7.6. Understanding the Page Event Life Cycle

Events are raised on the client side as the user interacts with the form. The event information is captured and either immediately transmitted to the Web server through an HTTP post or cached until a post is triggered. The actual event handling is carried out on the server. When done, the modified page is then rendered into HTML and streamed back to the client for display.

Because event handling requires a round-trip, events that occur frequently and that can be raised without the user even being aware, such as a mouse-over, are not supported. In fact, by default only click events cause the page to be posted back to the server. Change events, such as the filling in of a text box or the selection of a radio button, are captured but do not cause an immediate post. When a post does occur, these captured events are raised and processed before the event that triggered the post; the order of processing the pending events, however, is undefined. (To force the immediate posting of a change event, we can set the control's AutoPostBack property to true.)

A Web Forms page goes through a complete life cycle on the Web server following the initial page request and with each subsequent round-trip. In the life cycle's first phase, the compiled page is retrieved and loaded. The page and control view states are initialized (or restored if this represents a post back). A Load event is then raised and the associated callback is invoked.

In our application we need to populate a DataGrid control with the NorthWind employee records from our SQL database before displaying the page to the user. The Page_Load() event handler is where this kind of one-time page initialization is placed.

Here are the three steps in binding data to a Web control. First, we populate a DataSet object with the SQL database records. We then set the DataGrid object's DataSource property to the first table within the data set. Under Windows Forms, this would be sufficient for the successful display of the data grid. Under Web Forms we must then explicitly invoke the DataBind() method of the DataGrid object; otherwise neither the data nor the grid displays.[6]

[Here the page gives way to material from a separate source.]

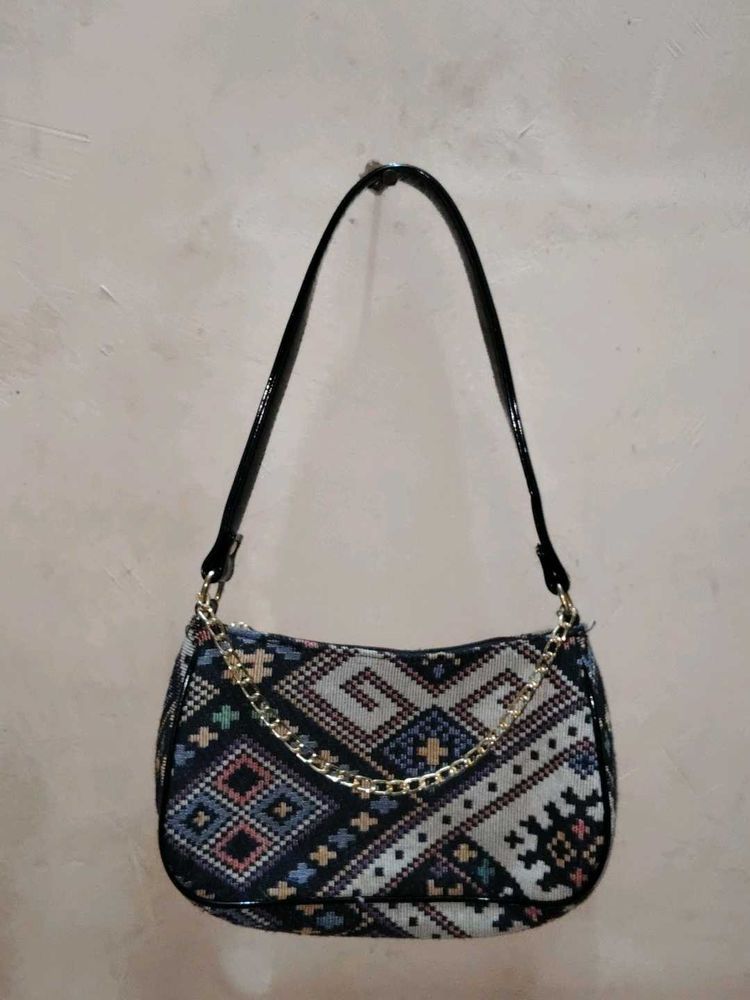 Patterned Shoulder Bag with Chain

[6] This example captures something of the nature of learning a new technology. If we do not invoke DataBind(), no warning is generated. Nothing seems wrong, but nothing is working. In this case, what you don't know can drive you up the wall.

protected void Page_Load(object sender, EventArgs e)
{
   DateTime theDate = DateTime.Now;
   Label3.Text = theDate.ToLongDateString() + " " +
                 theDate.ToLongTimeString();

   string cs = "server=localhost;uid=sa;pwd=;database=northwind";
   SqlConnection conn = new SqlConnection( cs );

   string cmd =
      "select LastName,FirstName,Title,HomePhone from Employees";

   SqlCommand scmd = new SqlCommand( cmd, conn );
   DataSet ds = new DataSet();

   SqlDataAdapter sda = new SqlDataAdapter();
   sda.SelectCommand = scmd;

   sda.Fill( ds, "Employees" );
   conn.Close();

   // OK: fill the DataGrid
   DataGrid1.DataSource = ds.Tables[0].DefaultView;

   // now bind the data ...
   DataGrid1.DataBind();
}

This implementation is almost correct. The problem is that Page_Load() is invoked with each post back. Because the database does not change between round-trips, there is no benefit in executing the database code more than once, although we would like to update the DateTime object with each round-trip.

We need to execute code conditionally, on the basis of whether the Page_Load() invocation is in response to a page request or a subsequent post back. We do this through a test of the IsPostBack property of the page. When it evaluates to false, Page_Load() is handling the initial page request:

protected void Page_Load(object sender, EventArgs e)
{
   // always evaluate this
   DateTime theDate = DateTime.Now;
   Label3.Text = theDate.ToLongDateString() + " " +
                 theDate.ToLongTimeString();
   // evaluate this once at the initial page request
   if ( ! IsPostBack )
   {
      // the database code goes here
   }
}

At the other end of the life cycle the page is disposed of following the HTML rendering of its content back to the client. An Unload event is raised. We can add our code to the event handler to perform any necessary cleanup.